OSDev.org

Posted: **Tue Oct 29, 2013 12:05 am**

Brendan wrote: No, this would fail to meet my definition of "very accurate" by several orders of magnitude. It's what I called a "crude estimate" previously.

Without measurement we'll never know. My hunch is that it would be surprisingly accurate.

Brendan wrote: Of course I should point out that a crude estimate is often good enough to satisfy the requirements - it's hard to know how accurate the estimate needs to be without knowing what the requirements are. Often the only requirement is "make the stupid end-user think they've been given a useful statistic so they can feel good and ignore it", where any method of generating a number that seems to fluctuate would probably be good enough, even if it has nothing to do with CPU load at all (e.g. maybe just use CPU temperature and pretend it's CPU load - "Wow - our computer does less work on a cold night!" ).

Actually, if it is being used for verifying the sort of things in this document:
http://www.treewhimsy.com/TECPB/Article ... sights.pdf
i.e, you've planned the capacity; built the thing; and you need to verify that it behaves as planned, then it doesn't have to be very precise, fractions of percentages would be overkill. Accuracy is always good I suppose.

We'll all pretend you didn't suggest a metric that had nothing to do with CPU load at all!

Posted: **Tue Oct 29, 2013 12:57 am**

Hi,

bwat wrote:
Brendan wrote:No, this would fail to meet my definition of "very accurate" by several orders of magnitude. It's what I called a "crude estimate" previously.
Without measurement we'll never know. My hunch is that it would be surprisingly accurate.

Then your hunch is wrong.

bwat wrote:We'll all pretend you didn't suggest a metric that had nothing to do with CPU load at all!

I'm not sure why you'd think that; but if you're happy with some half-assed metric that assumes CPUs have constant performance (despite the fact that CPUs like that haven't existed for desktop/server 80x86 since the introduction of the "turbo button" in the 1980s) then I'll be happy knowing that whatever you implement will be inferior.

Cheers,

Brendan

Posted: **Tue Oct 29, 2013 2:16 am**

Brendan wrote:
bwat wrote:
Brendan wrote:No, this would fail to meet my definition of "very accurate" by several orders of magnitude. It's what I called a "crude estimate" previously.
Without measurement we'll never know.

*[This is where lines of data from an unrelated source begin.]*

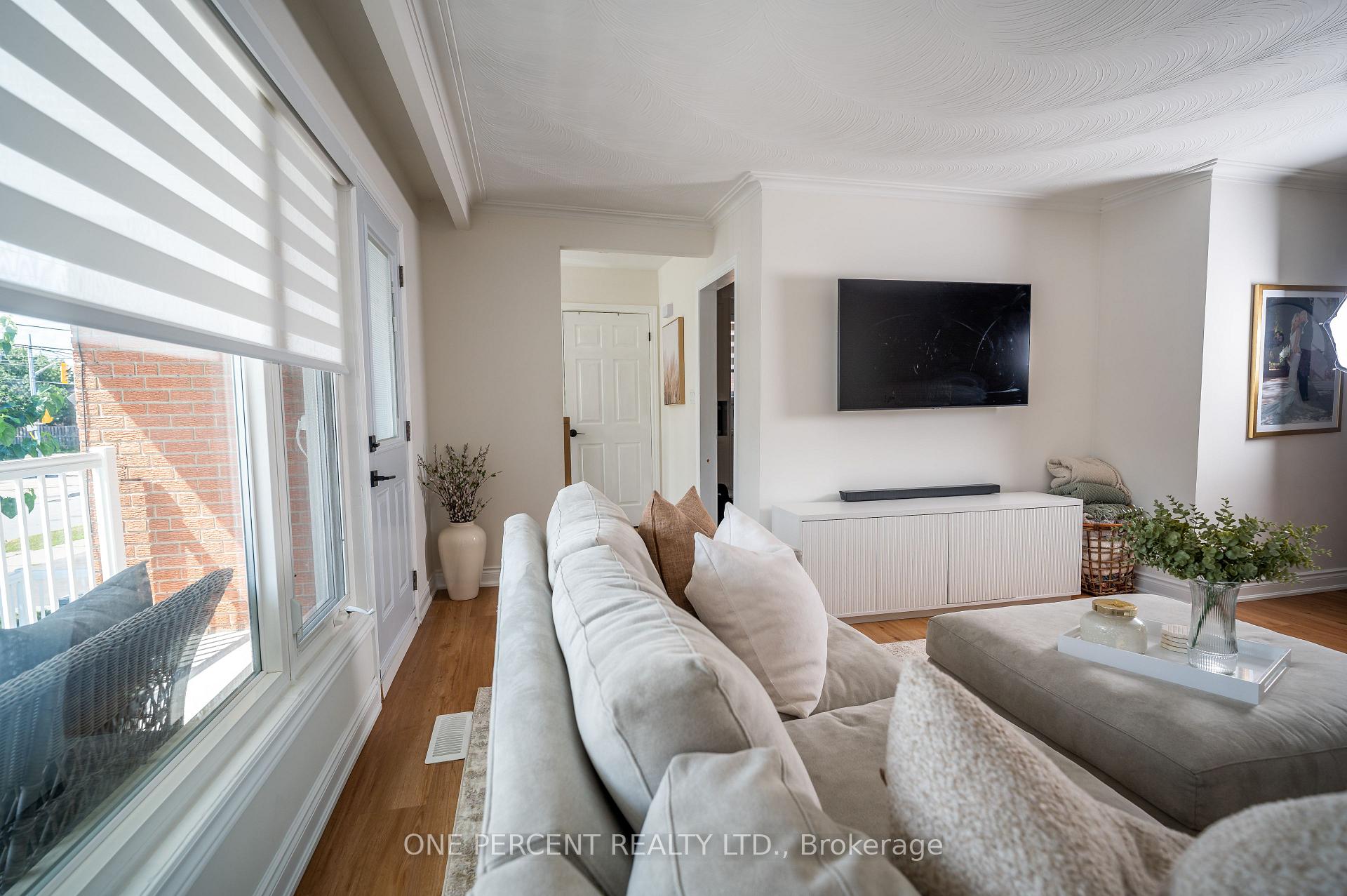 Photo 6 of 75 Plunkett Road, North York, Humber Summit — HOMEH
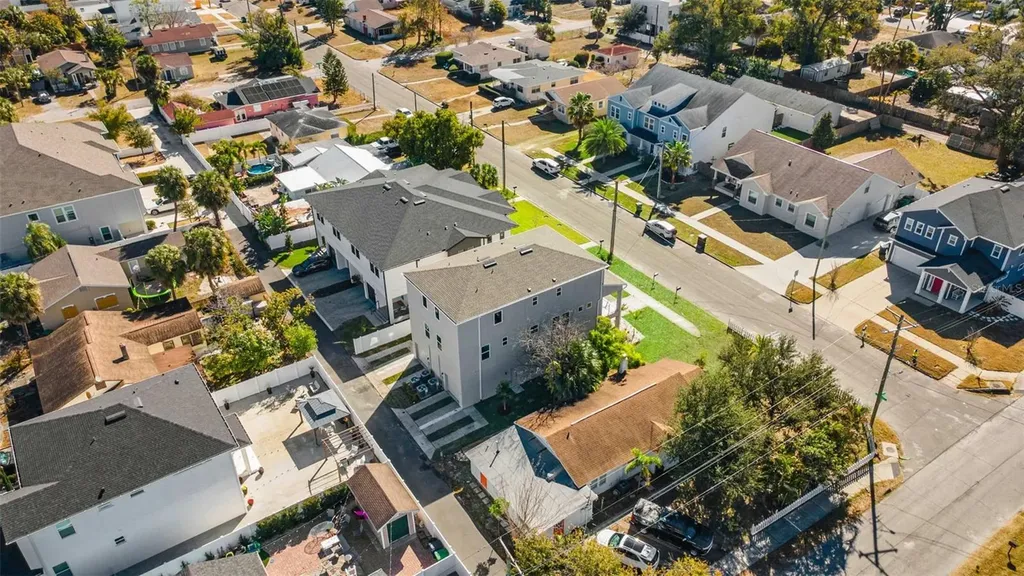 2711 W North B Street Tampa FL 33609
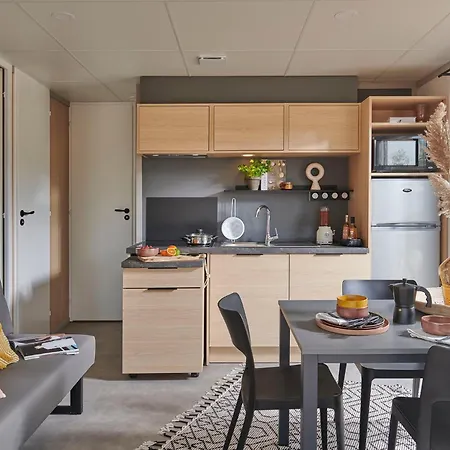Camping Le Solitaire Du Lac Saint-Jorioz Room photo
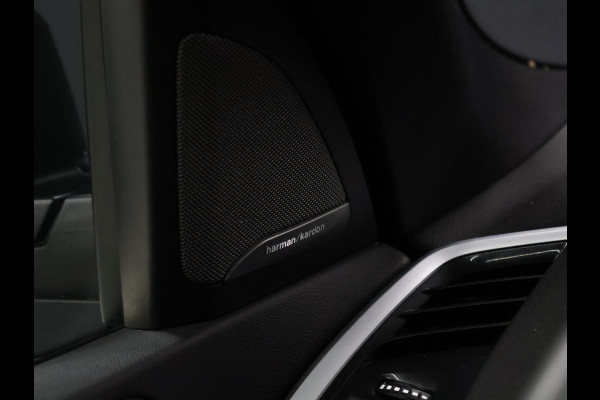 BMW X5 xDrive45e High Executive [SCHUIFDAK, HARMAN KARDON, 360° CAMERA, APPLE CARPLAY, TREKHAAK, LUCHTVERING, ANDROID AUTO, MEMORY SEATS, SFEERVERLICHTING, NIEUWSTAAT]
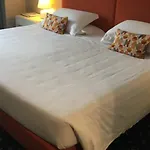 Blaise & Francis 4*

My hunch is that it would be surprisingly accurate.
Then your hunch is wrong.

Do you have measurements to back this up? I'd be happy to see them. Note I stated that I had a hunch and I'm quite open to evidence to the contrary. Do you have this evidence?

Brendan wrote:
bwat wrote:We'll all pretend you didn't suggest a metric that had nothing to do with CPU load at all!
I'm not sure why you'd think that;

I used your very own words. You wrote:

Brendan wrote: where any method of generating a number that seems to fluctuate would probably be good enough, even if it has nothing to do with CPU load at all (e.g. maybe just use CPU temperature and pretend it's CPU load

By your own words "has nothing to do with CPU load at all". Why would you suggest a, by your own definition, irrelevant metric? All I did was state that I think it is quite reasonable to discard any CPU load metric which "has nothing to do with CPU load". Frankly "a number that seems to fluctuate" isn't good enough.

Posted: **Tue Oct 29, 2013 4:05 pm**

Hi,

bwat wrote:
Brendan wrote:
bwat wrote:Without measurement we'll never know. My hunch is that it would be surprisingly accurate.
Then your hunch is wrong.
Do you have measurements to back this up? I'd be happy to see them. Note I stated that I had a hunch and I'm quite open to evidence to the contrary. Do you have this evidence?

Why would I need "evidence" when I've already shown the basis for my conclusion? Do you have evidence to show that evidence is necessary?

Here's some test cases for you to consider:

a) A task ran for 1 second on one logical CPU while the other logical CPU in the core was also busy. One logical CPU was doing a huge memory copy and was starved by RAM bandwidth while the other logical CPU was doing a heavily optimised mixture of integer and floating point calculations. How much CPU load did the task create for that 1 second period? In this case your method would decide "100% CPU load" for the task, even though the task was a fraction of that.

b) A task ran for 1 second on a CPU (that doesn't support hyper-threading). It was a very low priority task and the computer was a laptop running on battery power, so the OS decided to save power by voluntarily throttling the CPU down to 25% of its maximum performance. How much CPU load did the task create for that 1 second period? In this case your method would decide "100% CPU load" for the task, even though the task was a fraction of that.

c) A task is a server for a multiplayer game. In one second it handled 1000 packets from network. For each packet the task unblocks, runs for an average of 100 us and then blocks. How much CPU load did the task create for that 1 second period? In this case your method would probably decide "0% CPU load" because the task wasn't running when the timer happened to fire.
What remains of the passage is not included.